Here we have a father and son tale in which a simple “fishing trip” goes terribly awry. With the fantastical backdrop of taking place over a millennium into the future we get one of the purest turns into Sci-Fi from director M. Night Shyamalan. Of course, Mr. Shymalan is famous for his “unsuspecting” and intense plot turns and being less reliable for hitting one out of the park than Michael Jordan. With a story concept from will Smith, Shamalayn co-wrote and directed this Sci-Fi adventure, thriller After Earth.

The story supporting this flick is actually a very interesting one. Earth has been abandoned for centuries and the animals on it have since evolved into extremely dangerous creatures. Jaden Smith plays a young man training to become a Ranger and thus follow in the footsteps of his famous Ranger father, played by Will Smith; notice the subtle symbolism there!! They travel together, headed for training, and end up stranded on Earth. Obviously, danger ensues and what follows is a tale of trust, sacrifice and the rectification of a tenuous relationship between a father and a son as the son becomes a man. The science fiction elements in this film are one of the strongest elements it has going for it. A very logical world is established with the premise of the Ranger corps being an excellent spring-board for the main characters to jump from. However, what was set up in the movie lacked a certain depth to really show how immersive the setting could be. Once the characters find themselves stranded on the long forgotten earth, the action has a very effective pace. The threats present on the planet’s surface make for some consistent tension that lasts throughout the flick. There are also some dramatic and revealing moments between the father and son that lend to some exposition and depth to their characters; unfortunately, as strong as few of the story elements may be, the whole piece falls somewhat short of being an overwhelmingly enthralling tale.

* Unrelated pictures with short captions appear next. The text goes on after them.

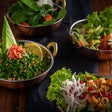 Traditional Levantine food at Cello Restaurant Dubai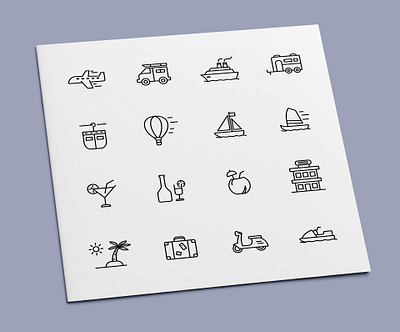 Travel Icons holiday holidays icon icon design icon set icons transport transportation travel vacation vehicle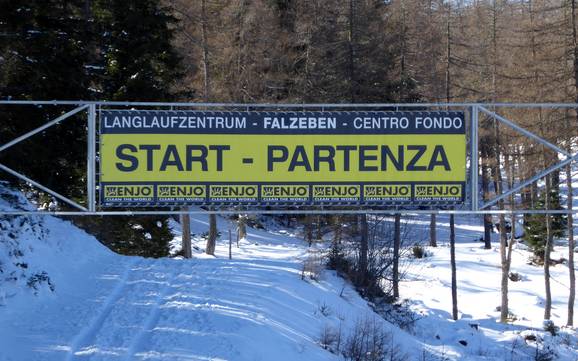 Ski nordique Alpes du Val Sarentino (Sarntaler Alpen) – Ski nordique Meran 2000 (Merano 2000)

It’s quite conspicuous going into this thing that we will be getting lots of Jaden Smith and Big-Willie-Style Will Smith which we absolutely get. The relationship between the two is almost palpable as if the connection there is real….oh, wait that’s right, they ARE related. It’s not as though the two don’t act well in the flick or, especially, against each other (STILL haven’t seen Pursuit of Happyness) but, as with the story, there seems to be something slightly off with them. And the accents they are attempting to pull off are completely indecipherable. It sounds like some sort of hybrid between a Bostonian accent, with a slant toward the Kennedy dialect, and an overly Southern accent. The acting choice of going there is brave to say the least but the result is not very effective and a little unsettling. Though the main focus of the film centers around the Smiths’ characters, there is a non Smith relation whose performance is worth high commendation. Zoë Kravitz plays Senshi, Jaden’s character’s sister, and gives it an inexplicably magnetic performance. Kravitz steals every frame of the regrettably few scenes that she is in. While Kravitz’ performance carries a lot of weight behind it, it is still worth mentioning Jaden Smith’s performance, for the most part, is able to withstand the pressure of carrying a significant weight of the film as his character must do; however, its clear he’s got some growing to do before he becomes a full-fledged leading man like his Pop.

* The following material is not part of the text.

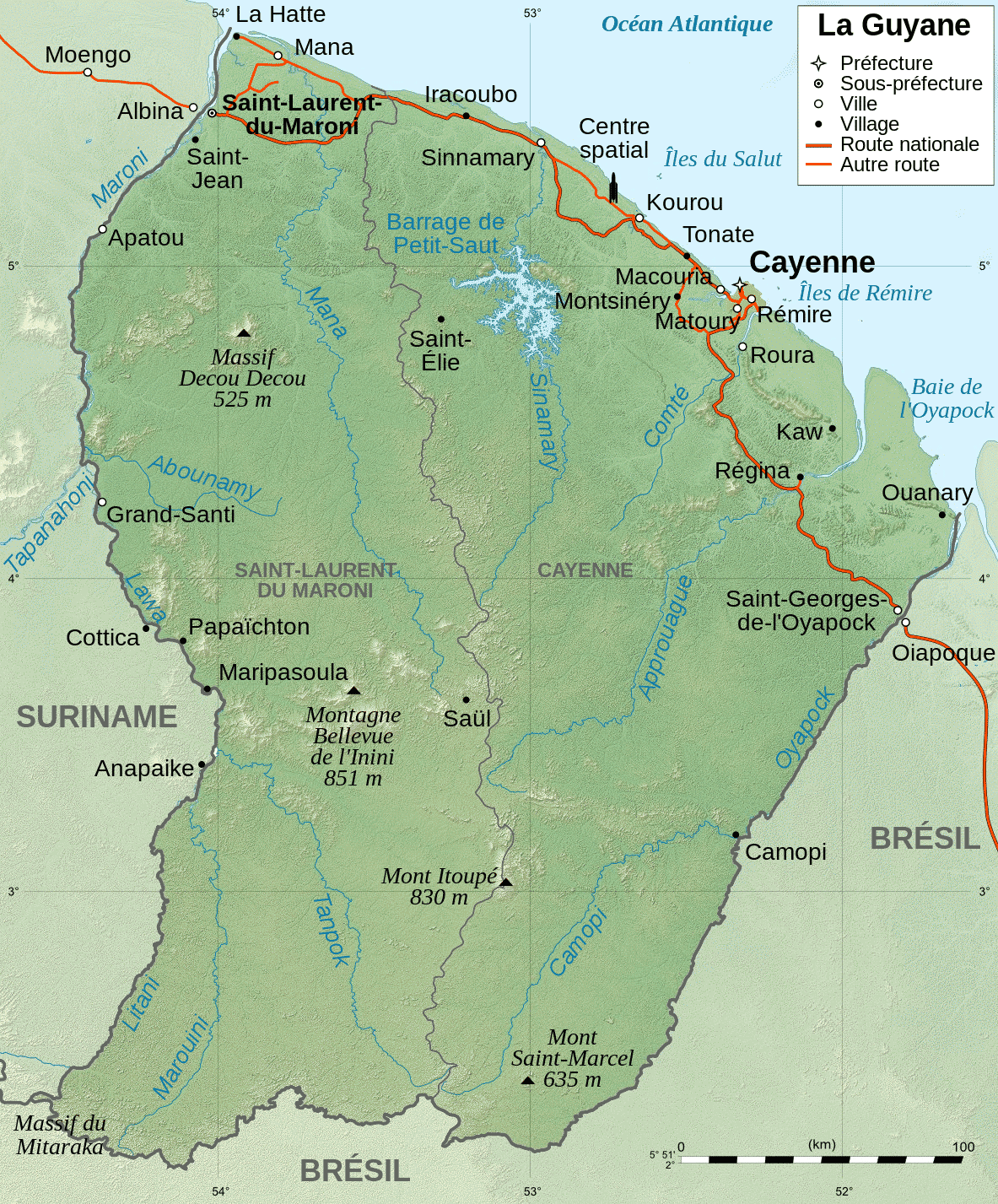 Guyane – Département 973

Visually speaking, this film works remarkably well. The style of the sets and props accent the futuristic tone of the film and the effects work well to amplify the narrative. Although a somewhat effects heavy film, the CG didn’t distract from what was going on with the plot. The fluctuating effects of the environment on Earth were one of the strongest elements of the visual stylings of the flick and the few creatures seen, while clearly fantastic, had a sense of realism and logic to them. On the whole, while clearly going for the visually dynamic, summer blockbuster angle, After Earth has a very strong premise that it’s derived from but its execution is somewhat lacking and causes the film to fall short of the engaging thrill ride it could have been.

  • When After Earth, “That’ll do, pig. That’ll do.”